What you need to do:
Restate each entry below exactly; pictures stay out of the copy.

• • •

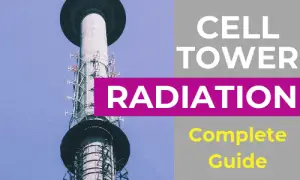 complete guide to cell tower radiation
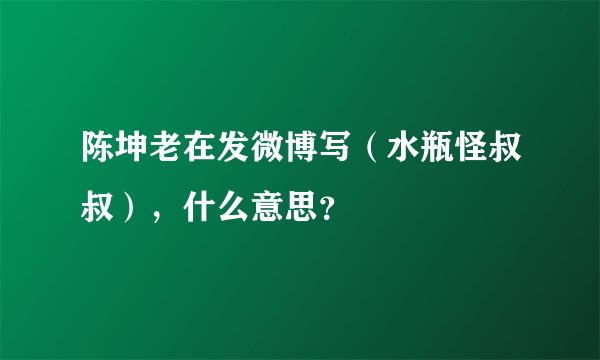 陈坤老在发微博写（水瓶怪叔叔），什么意思？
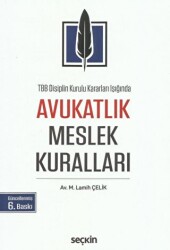 TBB Disiplin Kurulu Kararları Işığında Avukatlık Meslek Kuralları - Seçkin Yayıncılık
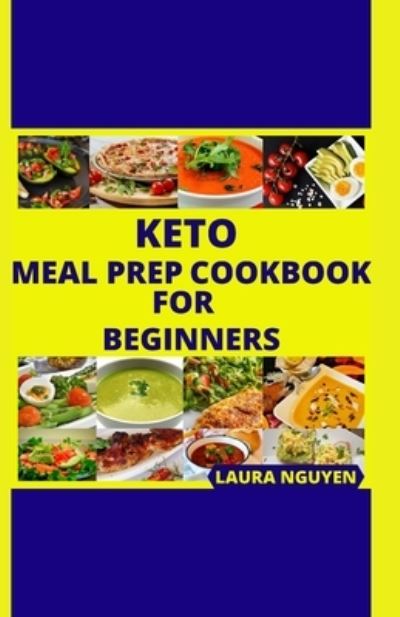 Cover for Laura Nguyen · Keto Meal Prep Cookbook for Beginners (Paperback Book) (2022)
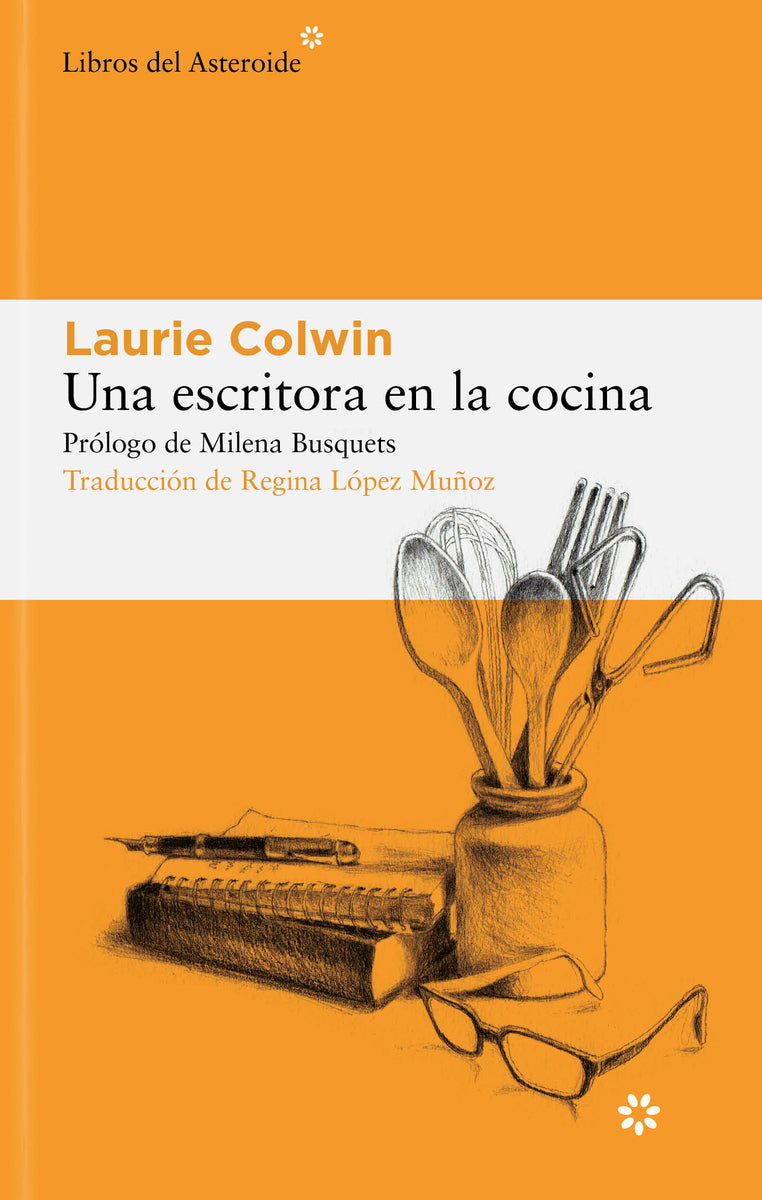 Una escritora en la cocina | Laurie Colwin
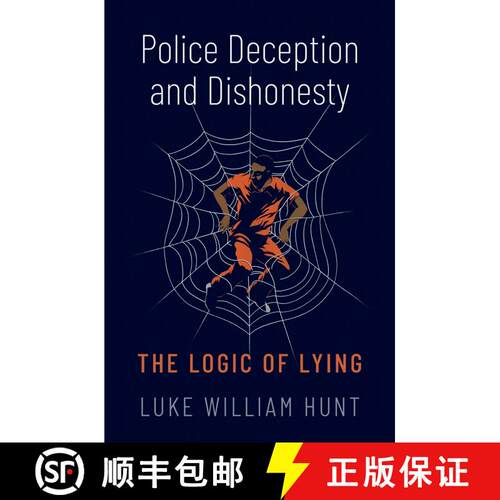 【3-4周达】精装 Police Deception and Dishonesty: The Logic of Lying [9780197672167]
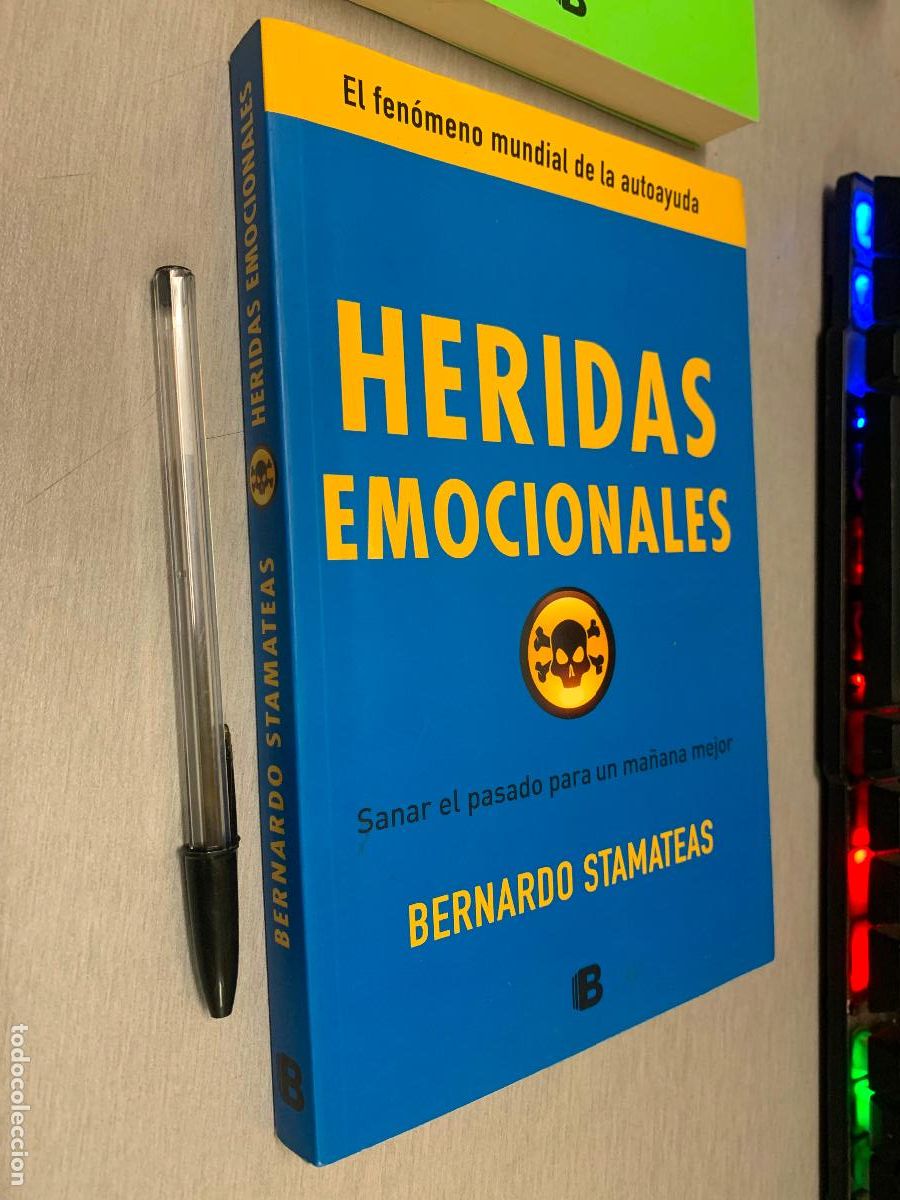 Libros de segunda mano: HERIDAS EMOCIONALES / BERNARDO STAMATEAS / EDICIONES B 1&ordf; EDICI&Oacute;N 2012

• • •

Result of the exercise:
 complete guide to cell tower radiation
 陈坤老在发微博写（水瓶怪叔叔），什么意思？
 TBB Disiplin Kurulu Kararları Işığında Avukatlık Meslek Kuralları - Seçkin Yayıncılık
 Cover for Laura Nguyen · Keto Meal Prep Cookbook for Beginners (Paperback Book) (2022)
 Una escritora en la cocina | Laurie Colwin
 【3-4周达】精装 Police Deception and Dishonesty: The Logic of Lying [9780197672167]
 Libros de segunda mano: HERIDAS EMOCIONALES / BERNARDO STAMATEAS / EDICIONES B 1&ordf; EDICI&Oacute;N 2012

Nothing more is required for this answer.